** Problem to work on **
No images, please. Copy each entry below exactly as it reads.

** Data listing **
--------------------------------
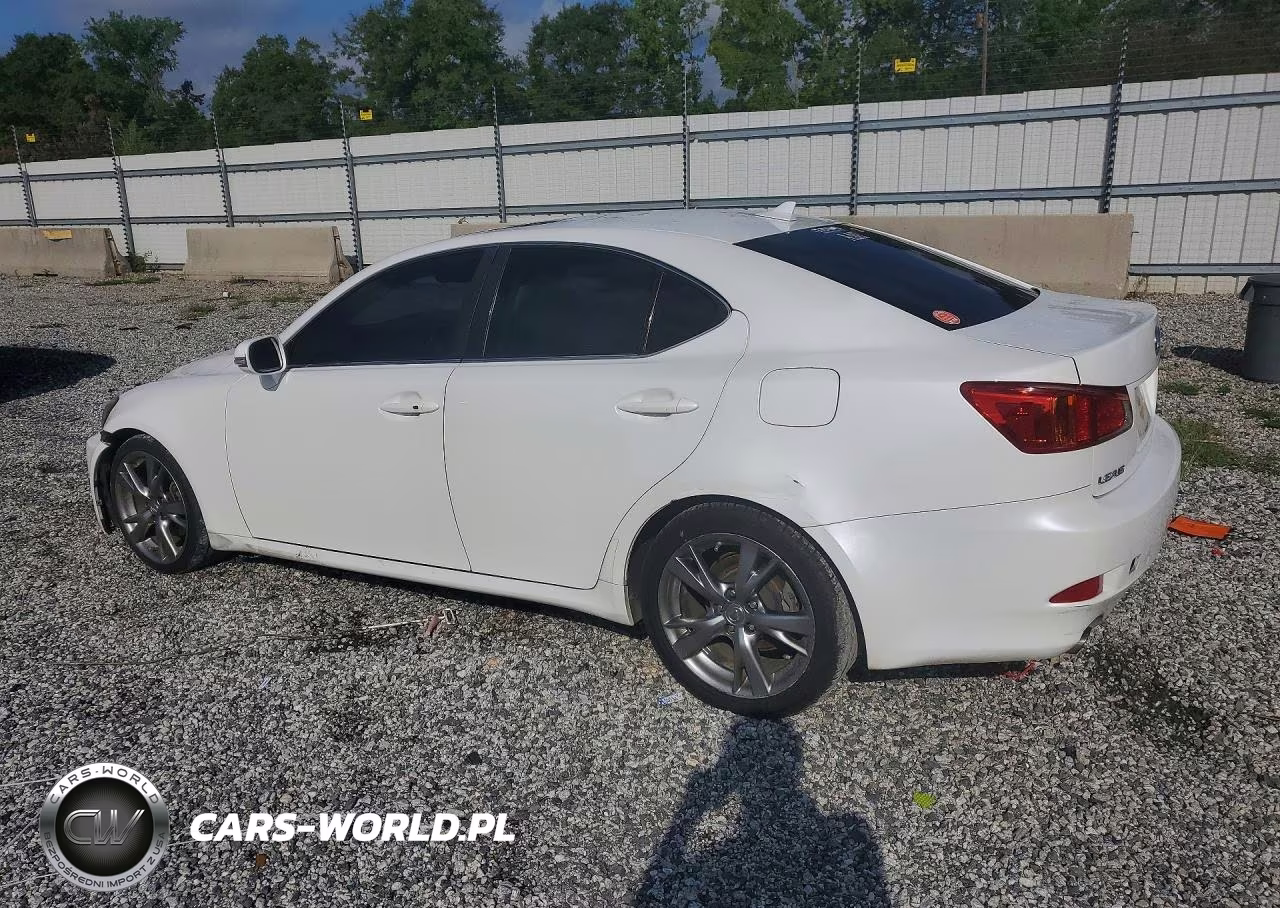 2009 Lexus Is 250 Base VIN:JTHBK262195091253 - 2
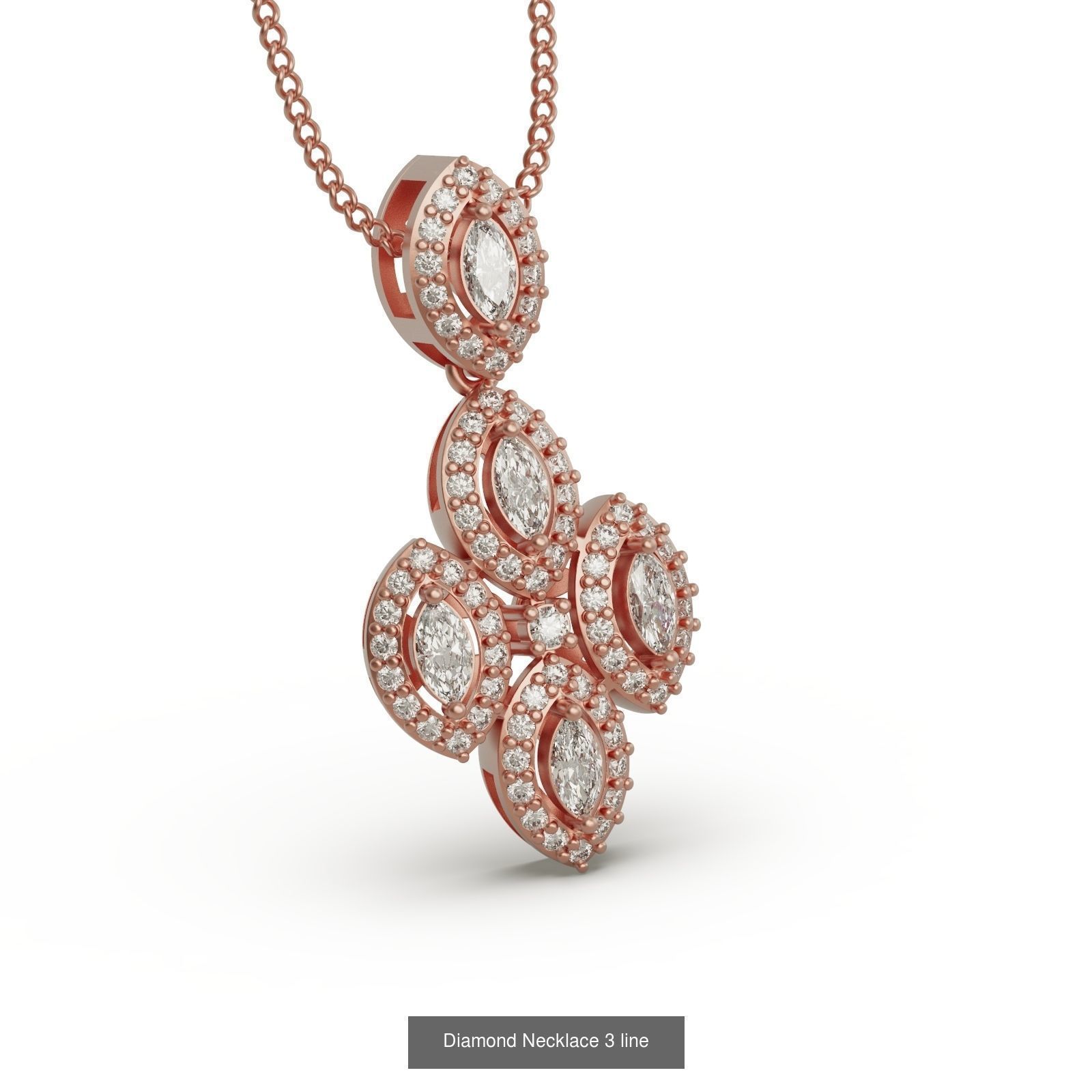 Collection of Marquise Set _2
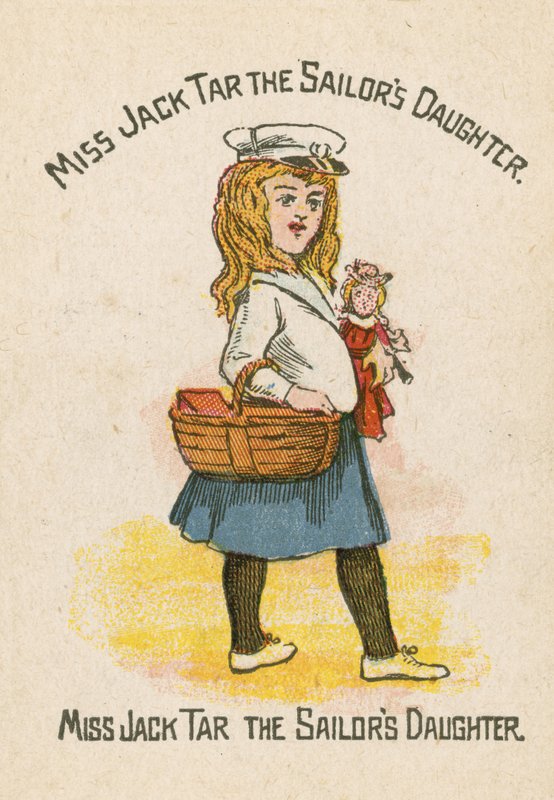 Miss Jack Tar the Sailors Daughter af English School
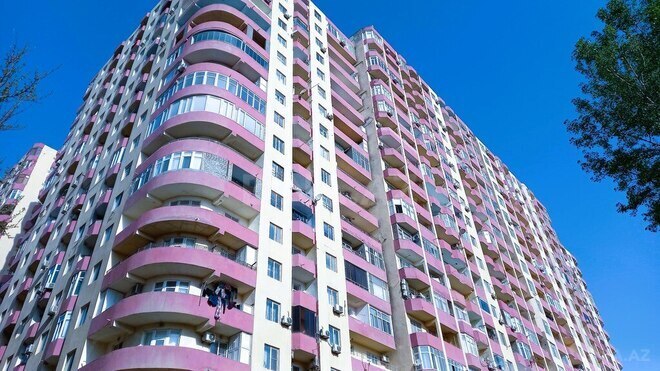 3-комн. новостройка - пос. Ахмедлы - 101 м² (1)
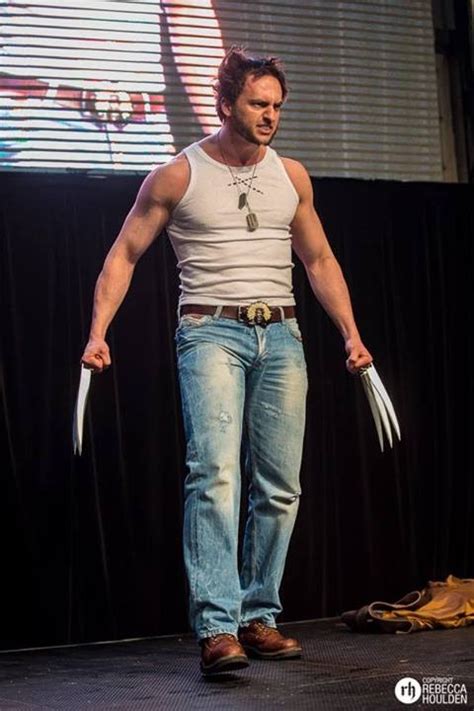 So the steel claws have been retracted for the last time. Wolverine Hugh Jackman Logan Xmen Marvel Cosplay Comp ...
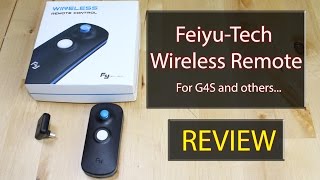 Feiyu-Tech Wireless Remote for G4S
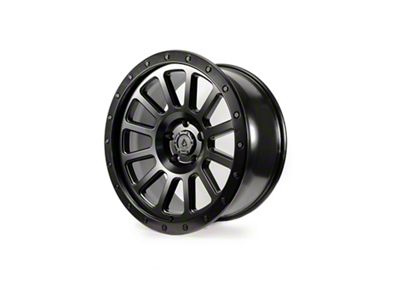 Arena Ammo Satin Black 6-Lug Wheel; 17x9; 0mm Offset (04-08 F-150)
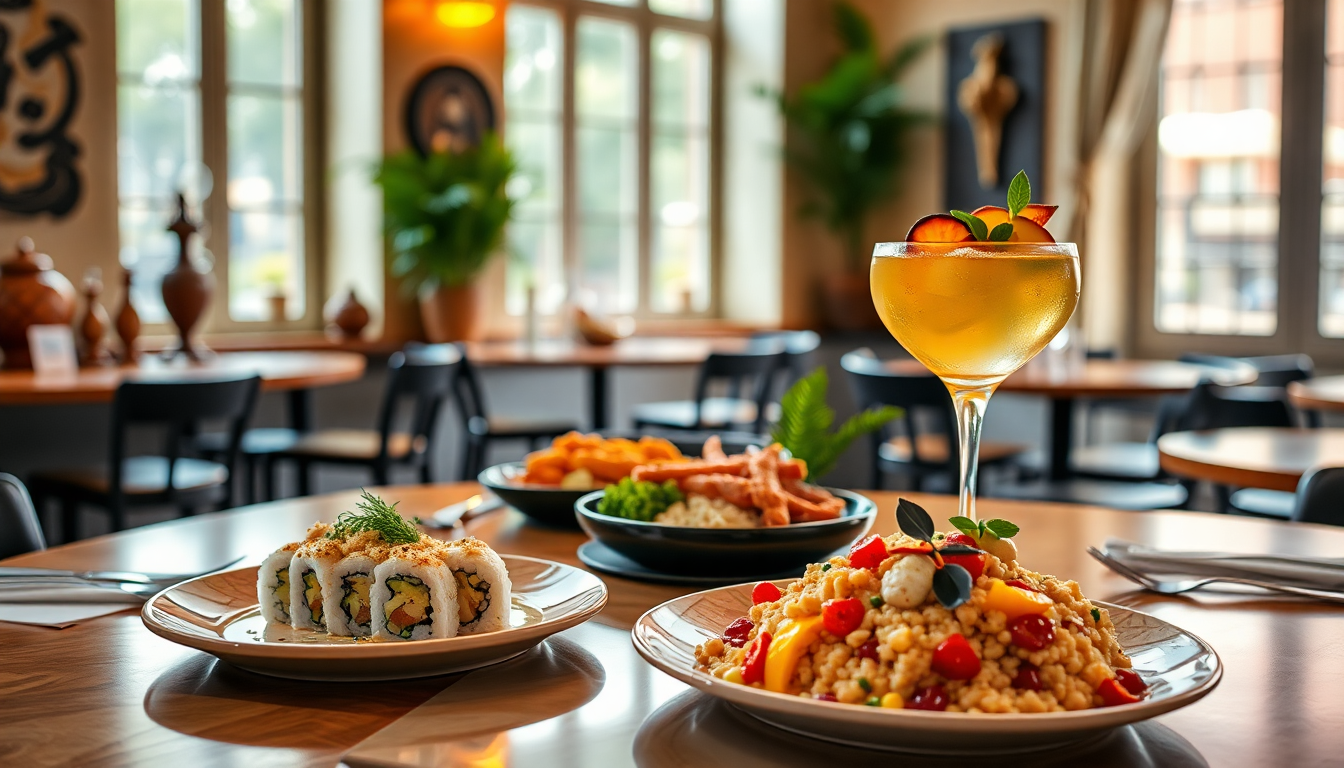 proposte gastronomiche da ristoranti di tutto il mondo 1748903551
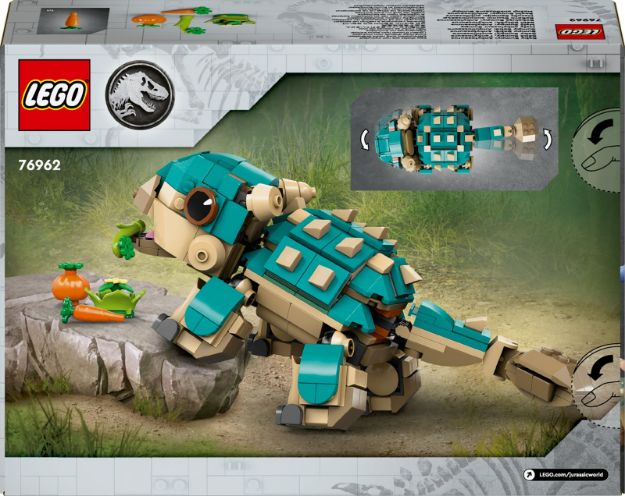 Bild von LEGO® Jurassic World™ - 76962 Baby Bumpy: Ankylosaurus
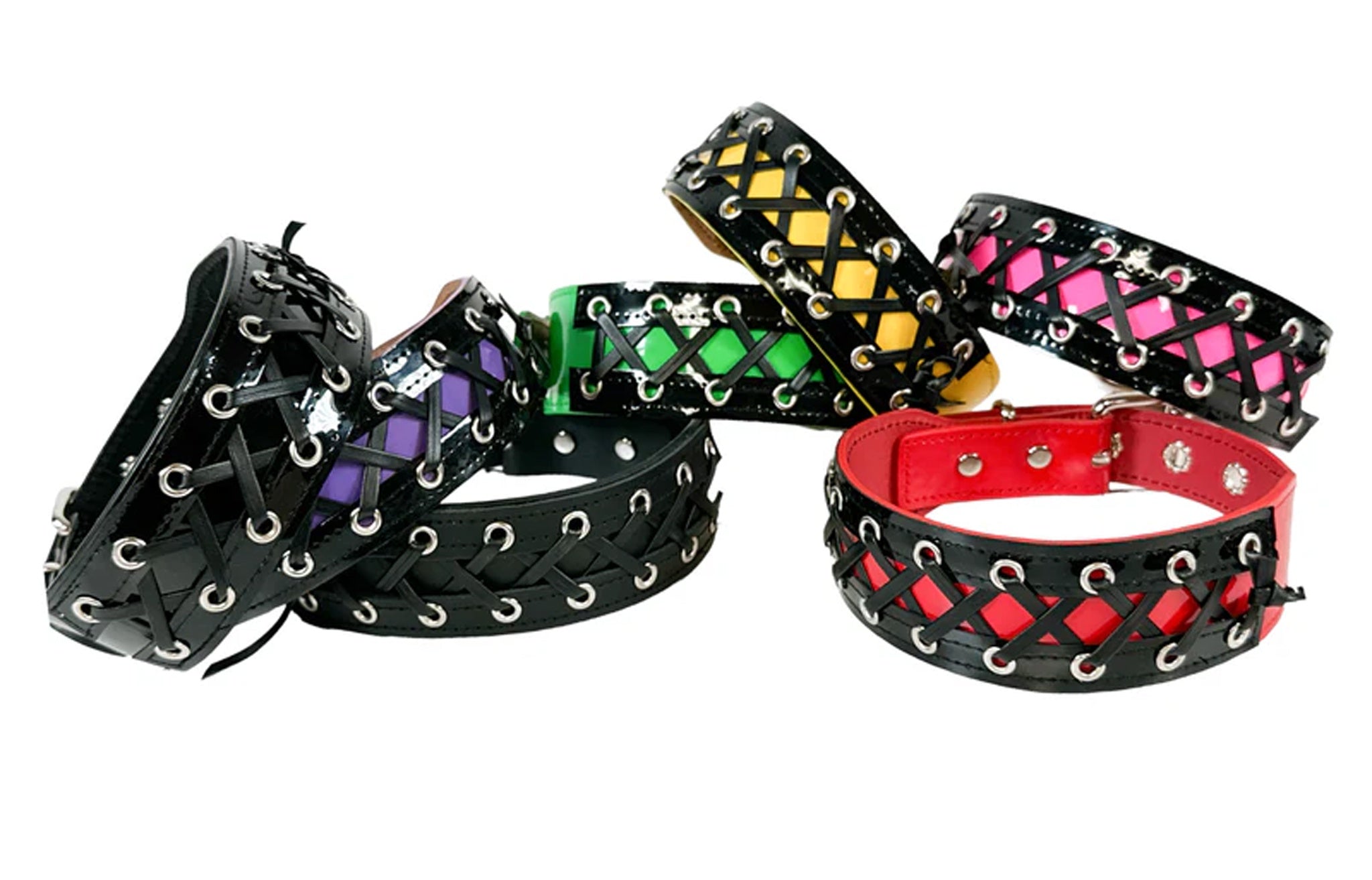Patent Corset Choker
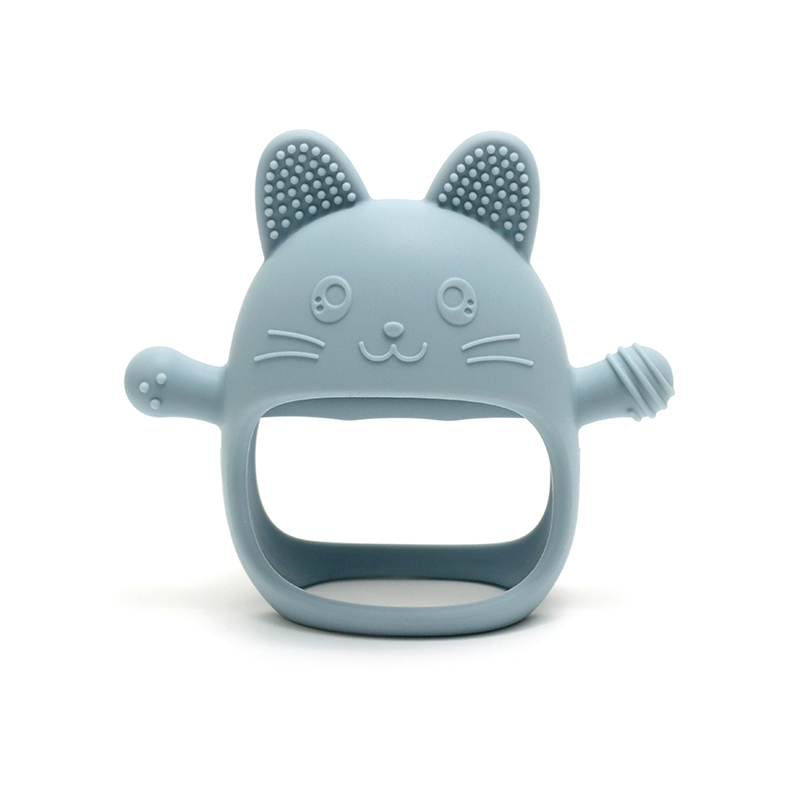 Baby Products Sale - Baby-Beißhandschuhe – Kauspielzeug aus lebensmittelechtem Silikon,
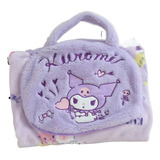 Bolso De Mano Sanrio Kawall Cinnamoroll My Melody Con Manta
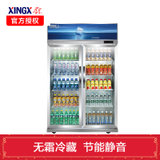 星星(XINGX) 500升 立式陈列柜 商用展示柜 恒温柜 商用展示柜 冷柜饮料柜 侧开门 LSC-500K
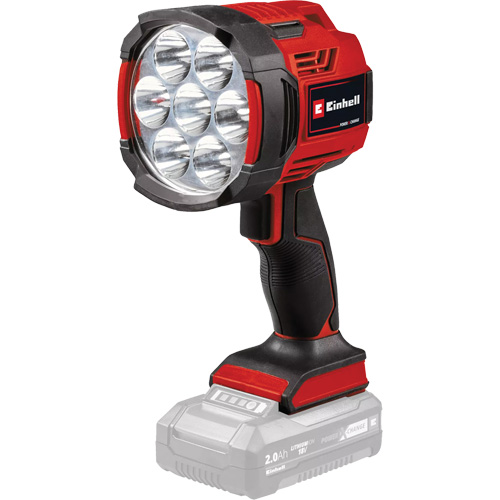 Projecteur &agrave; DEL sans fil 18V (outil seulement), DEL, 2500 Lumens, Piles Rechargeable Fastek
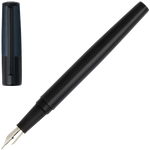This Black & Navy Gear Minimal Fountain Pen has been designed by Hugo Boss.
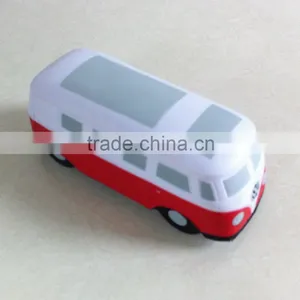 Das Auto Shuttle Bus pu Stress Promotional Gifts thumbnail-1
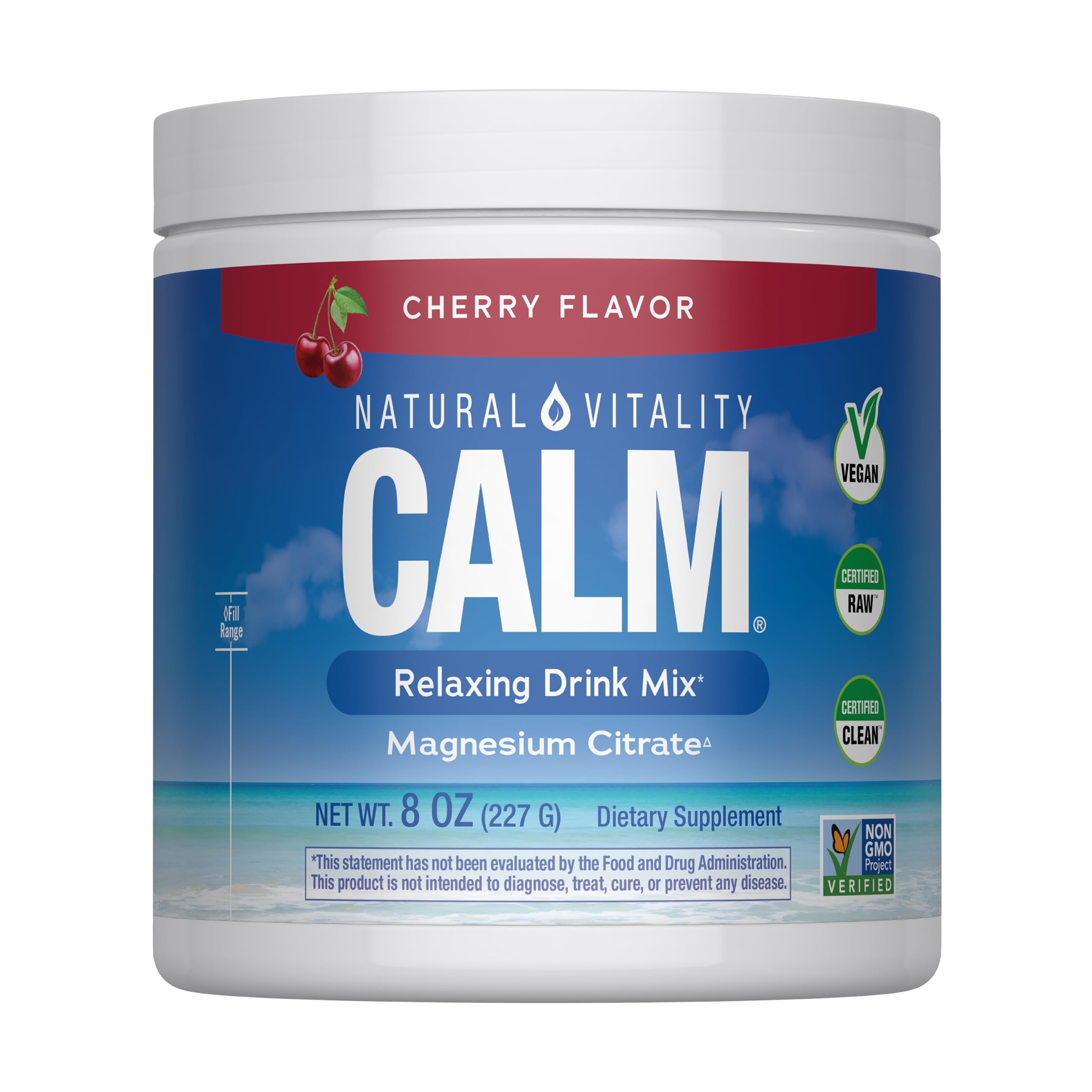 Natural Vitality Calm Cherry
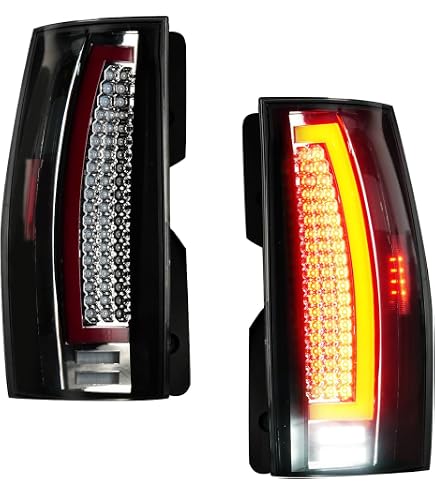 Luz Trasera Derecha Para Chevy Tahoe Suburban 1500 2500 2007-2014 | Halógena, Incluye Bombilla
--------------------------------
** Result **
 2009 Lexus Is 250 Base VIN:JTHBK262195091253 - 2
 Collection of Marquise Set _2
 Miss Jack Tar the Sailors Daughter af English School
 3-комн. новостройка - пос. Ахмедлы - 101 м² (1)
 So the steel claws have been retracted for the last time. Wolverine Hugh Jackman Logan Xmen Marvel Cosplay Comp ...
 Feiyu-Tech Wireless Remote for G4S
 Arena Ammo Satin Black 6-Lug Wheel; 17x9; 0mm Offset (04-08 F-150)
 proposte gastronomiche da ristoranti di tutto il mondo 1748903551
 Bild von LEGO® Jurassic World™ - 76962 Baby Bumpy: Ankylosaurus
Patent Corset Choker
 Baby Products Sale - Baby-Beißhandschuhe – Kauspielzeug aus lebensmittelechtem Silikon,
 Bolso De Mano Sanrio Kawall Cinnamoroll My Melody Con Manta
 星星(XINGX) 500升 立式陈列柜 商用展示柜 恒温柜 商用展示柜 冷柜饮料柜 侧开门 LSC-500K
 Projecteur &agrave; DEL sans fil 18V (outil seulement), DEL, 2500 Lumens, Piles Rechargeable Fastek
This Black & Navy Gear Minimal Fountain Pen has been designed by Hugo Boss.
 Das Auto Shuttle Bus pu Stress Promotional Gifts thumbnail-1
 Natural Vitality Calm Cherry
 Luz Trasera Derecha Para Chevy Tahoe Suburban 1500 2500 2007-2014 | Halógena, Incluye Bombilla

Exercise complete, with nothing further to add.